Эти замечания можно отнести практически ко всем великим моралистам

Нового времени: Паскалю, Ларошфуко, Джонсону, Честерфильду, лихтенбергу, Лабрюйеру, Шамфору и другим, у которых каждый афоризм представляет собой микродраму разоблачения обмана человеком). Позиция рефлексии дистанцируется от реального существования человека и тут же оценивает его как иллюзорное, но не может определить и самое себя по отношению к человеку. Если Монтень на этом шаге останавливается, фиксируя бессилие разума, то Паскаль пытается вернуть реальность, чтобы не впасть в экзистенциальное отчаяние: «Я не знаю, кто вверг меня в наш мир, ни что такое наш мир, ни что такое я сам; обреченный на жесточайшее неведение, я не знаю, что такое мое тело, мои чувства, моя душа, не знаю, что такое та часть моего существа, которая сейчас облекает мои мысли в слова, рассуждает обо всем мироздании и о самом себе и точно так же не способна познать самое себя, как и все мироздание» [44, 145]. Для Паскаля вернуть реальность означает вернуться в реальность, обрести утерянную рефлексией человечность, преодолеть ее дистанцию, то есть расположить истину не за пределами человека, а внутри, в «сердце». Но это тот случай, когда ясность мысли доходит до своего конца – чтобы стать человеком необходимо от мысли отказаться, включившись в поток уже обсужденных иллюзий. Причем со всей искренностью поставить на карту свое существование, а не с дистанционным конформизмом, демонстрируемым Монтенем, Декартом,

Галилеем, стереть границу между ролью и действующим лицом: «А сводятся эти истины к двум положениям: первое гласит о развращенности человеческого естества, второе – об искуплении, дарованном человечеству

Иисусом Христом» [44, 146]. Первое положение можно понять и сформулировать умом (в его критической деятельности), но второе – резкое обретение почвы, среды существования, является философски произвольным ответом на гносеологическое, ставшее экзистенциальным отчаяние.
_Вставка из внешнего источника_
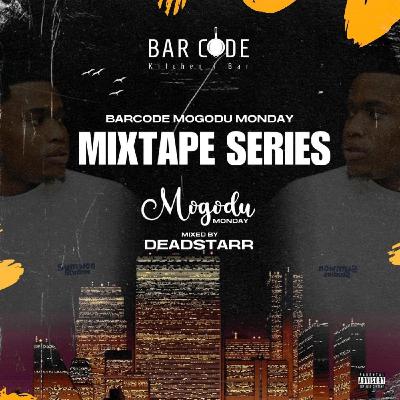 BMM Mix 19 (Mixed by Deadstarr) BMM Mix 19 (Mixed by Deadstarr)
Отказ от разума подменяется заимствованной внешней тайной (не тайной самого разума, которая особо высвечивается этим подменом, демонстрирует свою таинственность через паскалевское бессилие в нее проникнуть): «Неужели не довольно того, что в некоем месте свершились чудеса и что Провидение осенило целый народ?» [44,151]. Этого было недовольно уже гуманистам, на этом месте гносеологическая драма переходит в личную паскалевскую трагедию (которая у каждого мыслителя

Нового времени – своя, но все имеют гносеологический исток, гносеология вообще, выступала как экзистенция) противоречия между порядком существования (который должен соответствовать божественному) и порядком сознания, и которую Паскаль со всей ясностью сознавал: «Людей можно разделить лишь на три категории: к первой относятся те, что обрели Бога и служат Ему; ко второй – те, что не обретя, ищут Его; к третьей – те, что существуют, не обретя и не утруждая себя поисками. Первые разумны

(? – Н. Н.) и счастливы, третьи безумны и несчастны, те, что посередине, - несчастны и разумны» [44, 156]. Человек для Паскаля, напомним, - принципиально в середине. Сердце – разум – воля. В этом смысле вторая часть «Мыслей» – «Человек, познавший Бога» представляет собой описание «сердечного» идеала, каким он должен быть и как его согласовать с волей, достигнув тем самым счастья, но таким образом он входит в идеализированный мир представления, того, что и разумом также не является.

3.2 Игра с неразумием.

Понятие «сердца» у Паскаля как бы проявило один из фундаментальных принципов рационализма Нового времени: неразумную «сердцевину» рациональности, которая является ее, рациональности истоком. Это несколько иное положение, чем введение В. С. Библером «инологичной» основы логики, скрытой в природе. «Инологика» остается именно логикой, поэтому Библером Новое время рассматривается в контексте «диалога логик», то есть подразумевается презумпция разумного (логичного) устройства природы, которе на определенном этапе просто еще не выявлена. Однако в собственной теории эксперимента Библер описывает этот процесс выявления как процесс превращения, создания нового мира идеальных объектов науки, в котором воплощаются рациональные конструкции экспериментатора, а затем уже они могут экстраполироваться в реальный мир вещей (то есть подменять его, тем самым замыкая круг борьбы с иллюзиями восприятия реальности созданием новых). Природа сама по себе неразумна – от мух, сбивающих человека с мысли, Паскаля до симфонического природного имморализма и иррационализма Сада. Но реальной направляющей силой интеллектуального поиска Нового времени был именно гносеологизм, по определению подразумевающий некоторый оптимизм.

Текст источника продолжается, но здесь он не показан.